Vor diesem Hintergrund erscheint es richtig, die ambitionierten Zielvorgaben EU-weit vorzugeben, jedoch die nationalen Strategien und Instrumente zur Zielerreichung nicht zu sehr einzuschränken. Die Umsetzung der Vorgaben zur Verringerung des Primärenergieverbrauchs bei Wohngebäuden kann nun nicht nur durch effizienzseitige Modernisierungen erfolgen, sondern auch durch erneuerbare Energieversorgung. Da davon allerdings mindestens 55 Prozent durch die Renovierung der schlechtesten Gebäude erreicht werden sollen, bleibt der "Worst-first-Ansatz“ grundsätzlich erhalten.

Nun bleibt abzuwarten, inwieweit im Gesetzestext auch der Heizungsaustausch zur Renovierung zählt und wie die schlechtesten Gebäude tatsächlich abgegrenzt werden. Zumindest werden aber auch schrittweise Sanierungen ausreichen und keine umfassenden Gesamtsanierungen vorgeschrieben. Damit ergibt sich insgesamt eine erhebliche Entschärfung und eine gebäudebezogene „Modernisierungspflicht“ für die schlechtesten Wohngebäude ist somit vom Tisch.

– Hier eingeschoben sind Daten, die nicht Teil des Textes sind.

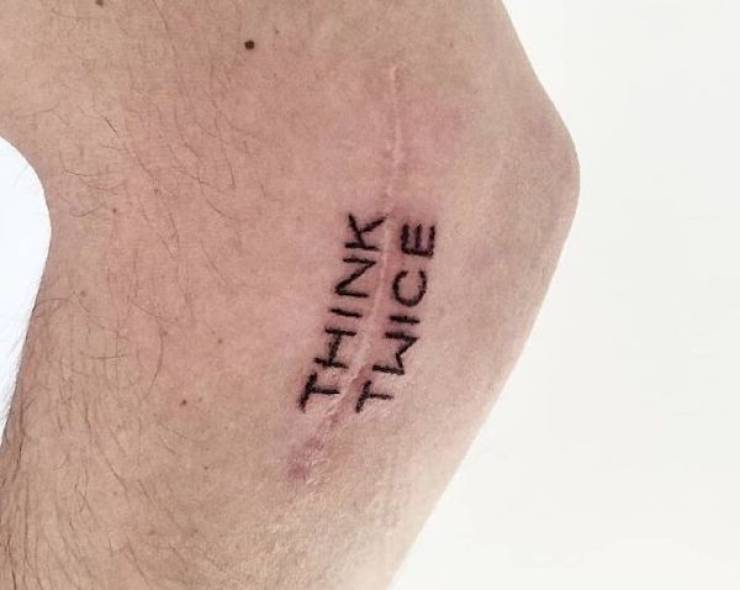 Tattoo Artists Covering Scars And Birthmarks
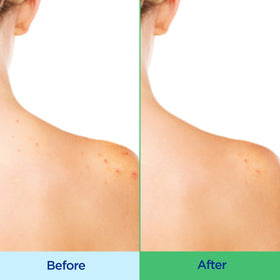 Differin being dispensed into hand, shows easy application and effective lather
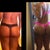 Right b4 BBL and 1-week post op.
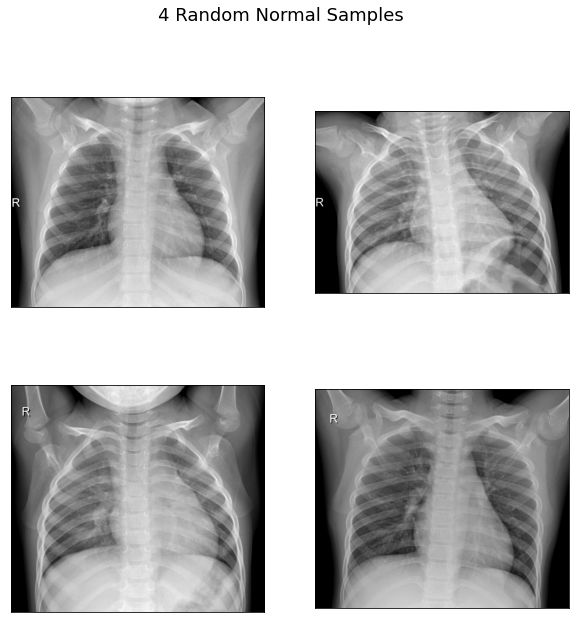 X-Ray Pneumonia Detection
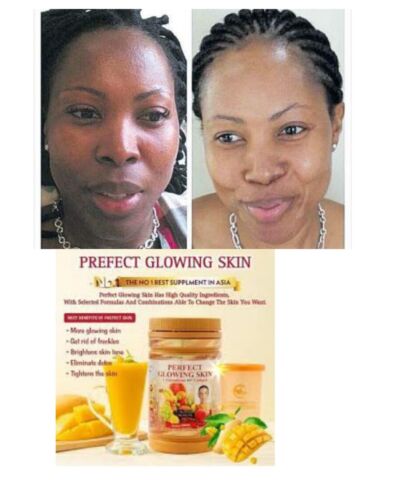 PERFECT GLOWING SKIN L GLUTATHIONE COLLAGÈNE ECLAIRCISSANT, X2 VITAMINE C ASCORBIC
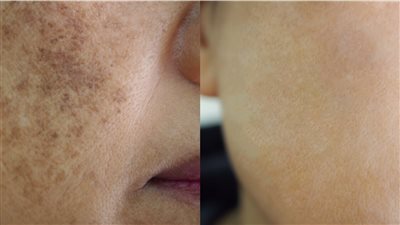 قناع طبيعي يخلصك من كلف البشرة 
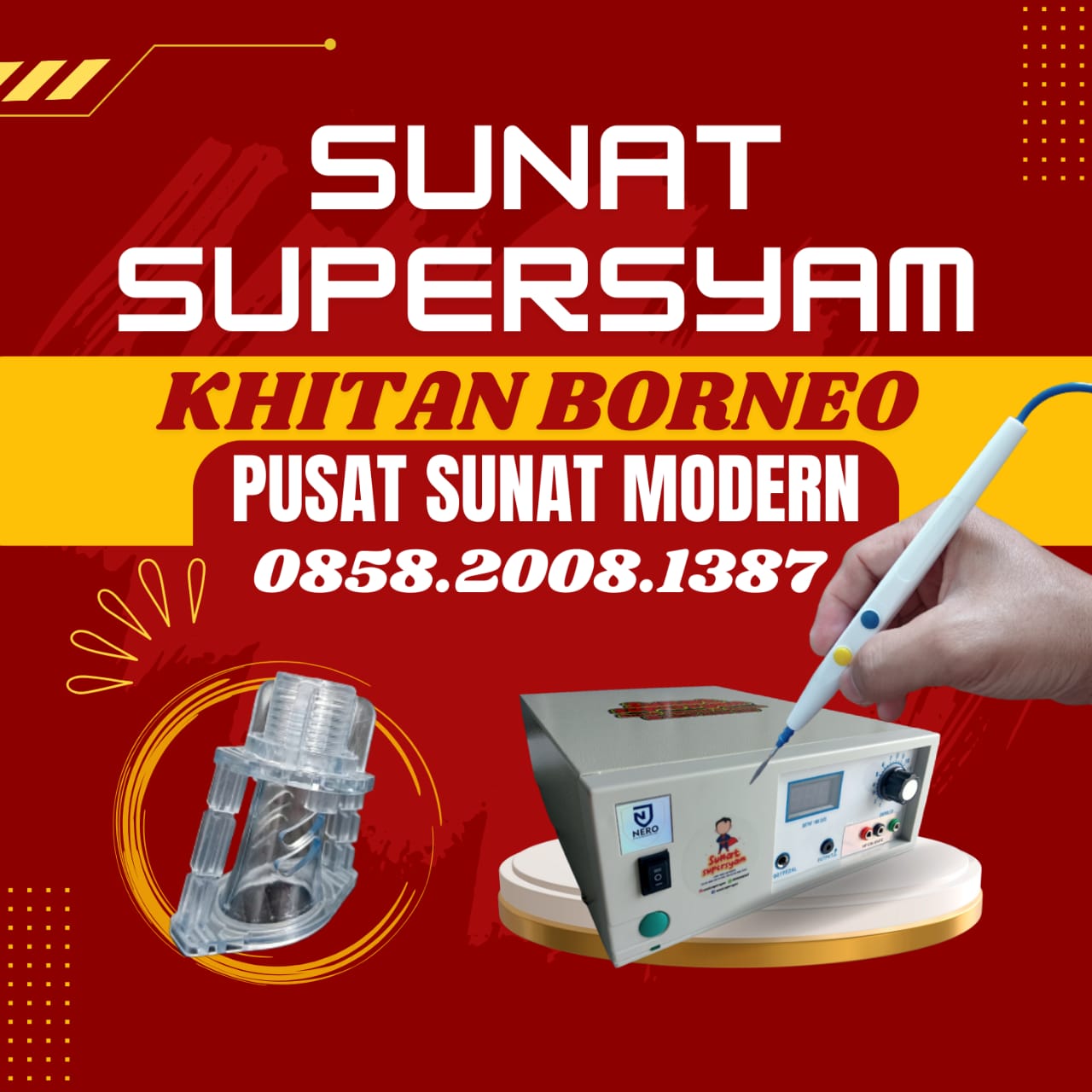 Keindahan Sunat yang Tak Terbantahkan:  Sunat Supersyam di Pangkalan Bun - Sukamara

Sehr zu begrüßen ist, dass die EPBD nun dazu verpflichtet, für einkommensschwache Gruppen eine ausreichende Finanzierung zur Verfügung zu stellen, um der Energiearmut entgegenzuwirken. Hierauf zahlt bereits ein, dass die hierzulande trotz Haushaltskrise in Kraft getretene Förderrichtlinie zur "Bundesförderung für effiziente Gebäude (BEG) – Einzelmaßnahmen" u.a. einen Einkommensbonus in Höhe von 30 Prozent der Investitionskosten enthält (für selbstnutzende Hauseigentümer mit einem zu versteuernden Haushaltsjahreseinkommen von bis zu 40.000 Euro). Dieser hilft allerdings einkommensschwächeren Mieter:innen wenig, da private Vermieter:innen und Wohnungsunternehmen davon ausgeschlossen sind.  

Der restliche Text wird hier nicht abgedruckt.